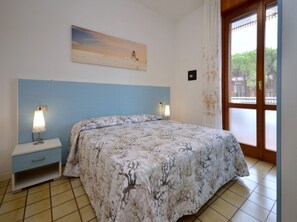 3 camere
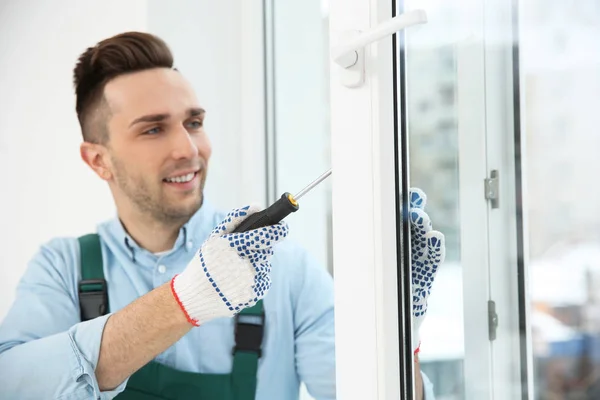 Trabajador Construcción Usando Elevador Succión Durante Instalación Ventanas Interiores — Foto de Stock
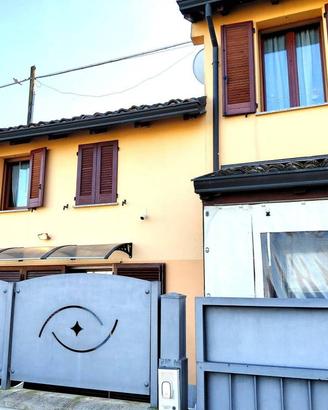 PORZIONE DI CASA TERRATETTO RISTRUTTURATA ED ARRED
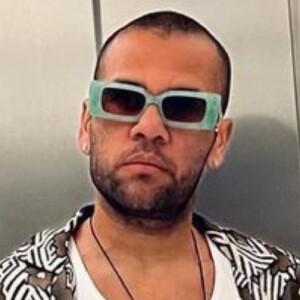 Daniel Alves paga valor milionário para mudar pena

┄┄┄┄┄┄┄┄┄┄┄┄┄┄┄┄┄┄┄┄

INSTRUCTIONS TO FOLLOW - Every line of the listing should be copied precisely, with images omitted.

SOLUTION -
 3 camere
 Trabajador Construcción Usando Elevador Succión Durante Instalación Ventanas Interiores — Foto de Stock
 PORZIONE DI CASA TERRATETTO RISTRUTTURATA ED ARRED
 Daniel Alves paga valor milionário para mudar pena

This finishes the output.